EXERCISE DESCRIPTION
Copy out all of the data that follows, exactly as it appears.

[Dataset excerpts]
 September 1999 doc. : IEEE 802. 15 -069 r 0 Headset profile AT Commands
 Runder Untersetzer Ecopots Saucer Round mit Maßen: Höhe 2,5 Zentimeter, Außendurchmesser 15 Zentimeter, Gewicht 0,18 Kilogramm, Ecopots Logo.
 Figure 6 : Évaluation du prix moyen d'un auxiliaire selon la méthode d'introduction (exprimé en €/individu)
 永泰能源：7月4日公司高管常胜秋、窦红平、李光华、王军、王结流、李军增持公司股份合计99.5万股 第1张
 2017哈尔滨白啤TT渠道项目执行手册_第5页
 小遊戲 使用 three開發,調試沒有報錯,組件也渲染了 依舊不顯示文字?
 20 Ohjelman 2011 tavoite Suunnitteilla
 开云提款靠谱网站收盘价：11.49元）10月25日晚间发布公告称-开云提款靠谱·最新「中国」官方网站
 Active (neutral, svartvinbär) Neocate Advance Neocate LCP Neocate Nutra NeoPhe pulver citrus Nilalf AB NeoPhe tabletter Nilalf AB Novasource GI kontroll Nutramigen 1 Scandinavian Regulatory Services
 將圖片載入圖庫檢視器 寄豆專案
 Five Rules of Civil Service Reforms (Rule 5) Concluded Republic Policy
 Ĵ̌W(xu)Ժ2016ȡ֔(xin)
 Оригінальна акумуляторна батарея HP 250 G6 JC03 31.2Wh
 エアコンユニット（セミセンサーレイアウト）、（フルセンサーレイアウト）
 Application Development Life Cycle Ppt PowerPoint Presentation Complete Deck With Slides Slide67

RESPONSE
 September 1999 doc. : IEEE 802. 15 -069 r 0 Headset profile AT Commands
 Runder Untersetzer Ecopots Saucer Round mit Maßen: Höhe 2,5 Zentimeter, Außendurchmesser 15 Zentimeter, Gewicht 0,18 Kilogramm, Ecopots Logo.
 Figure 6 : Évaluation du prix moyen d'un auxiliaire selon la méthode d'introduction (exprimé en €/individu)
 永泰能源：7月4日公司高管常胜秋、窦红平、李光华、王军、王结流、李军增持公司股份合计99.5万股 第1张
 2017哈尔滨白啤TT渠道项目执行手册_第5页
 小遊戲 使用 three開發,調試沒有報錯,組件也渲染了 依舊不顯示文字?
 20 Ohjelman 2011 tavoite Suunnitteilla
 开云提款靠谱网站收盘价：11.49元）10月25日晚间发布公告称-开云提款靠谱·最新「中国」官方网站
 Active (neutral, svartvinbär) Neocate Advance Neocate LCP Neocate Nutra NeoPhe pulver citrus Nilalf AB NeoPhe tabletter Nilalf AB Novasource GI kontroll Nutramigen 1 Scandinavian Regulatory Services
 將圖片載入圖庫檢視器 寄豆專案
 Five Rules of Civil Service Reforms (Rule 5) Concluded Republic Policy
 Ĵ̌W(xu)Ժ2016ȡ֔(xin)
 Оригінальна акумуляторна батарея HP 250 G6 JC03 31.2Wh
 エアコンユニット（セミセンサーレイアウト）、（フルセンサーレイアウト）
 Application Development Life Cycle Ppt PowerPoint Presentation Complete Deck With Slides Slide67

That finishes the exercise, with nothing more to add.